One of the world's leading economists said that the very structure of the Federal Reserve system is so fraught with conflicts that it's "corrupt."
Nobel laureate Joseph Stiglitz, a former chief economist at the World Bank, said that if a country had applied for World Bank aid during his tenure, with a financial regulatory system similar to the Federal Reserve's -- in which regional Feds are partly governed by the very banks they're supposed to police -- it would have raised alarms.
To Stiglitz, the core issue is that regional Fed banks, such as the New York Fed, have clear conflicts of interest -- a result of the banks being partly governed by a board of directors that includes officers of the very banks they're supposed to be overseeing.
The New York Fed, which was led by current Treasury Secretary Timothy Geithner during the time leading Wall Street firms like Citigroup, JPMorgan Chase, AIG, and Goldman Sachs were given hundreds of billions of dollars in taxpayer bailouts, presently has on its board of directors Jamie Dimon, the head of JPMorgan Chase.

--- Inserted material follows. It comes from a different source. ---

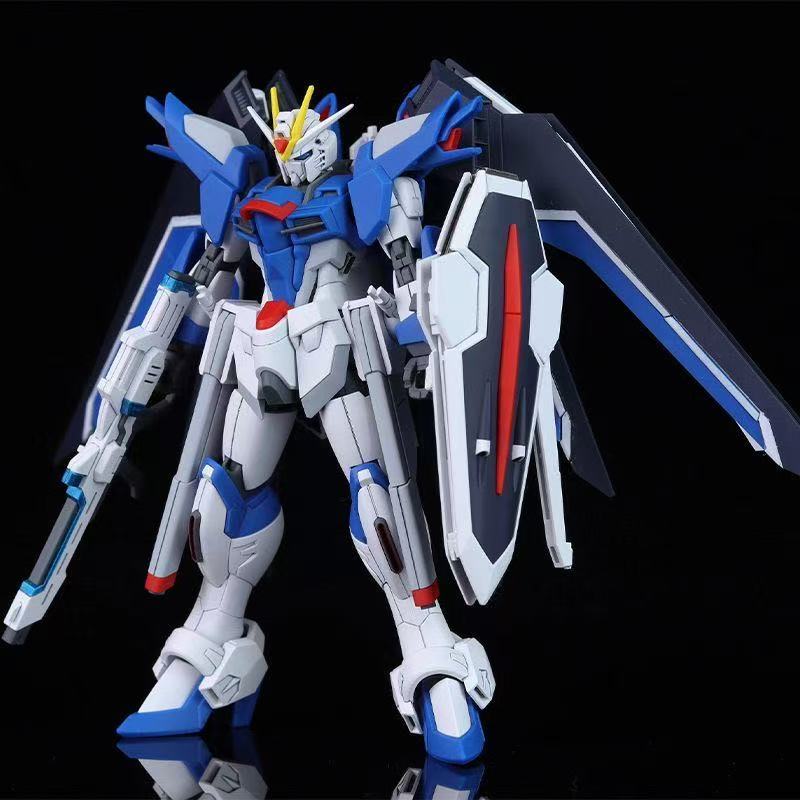 HG STTS-909 Rising Freedom Gun - Model Kit Gundam recensie en prijs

He replaced former Citigroup chairman Sanford "Sandy" Weill.
"So, these are the guys who appointed the guy who bailed them out," Stiglitz said. "Is that a conflict of interest?" he asked rhetorically.
"The reason you talk about governance is because in a democracy you want people to have confidence," Stiglitz said. "This is a structure that will undermine confidence in a democracy."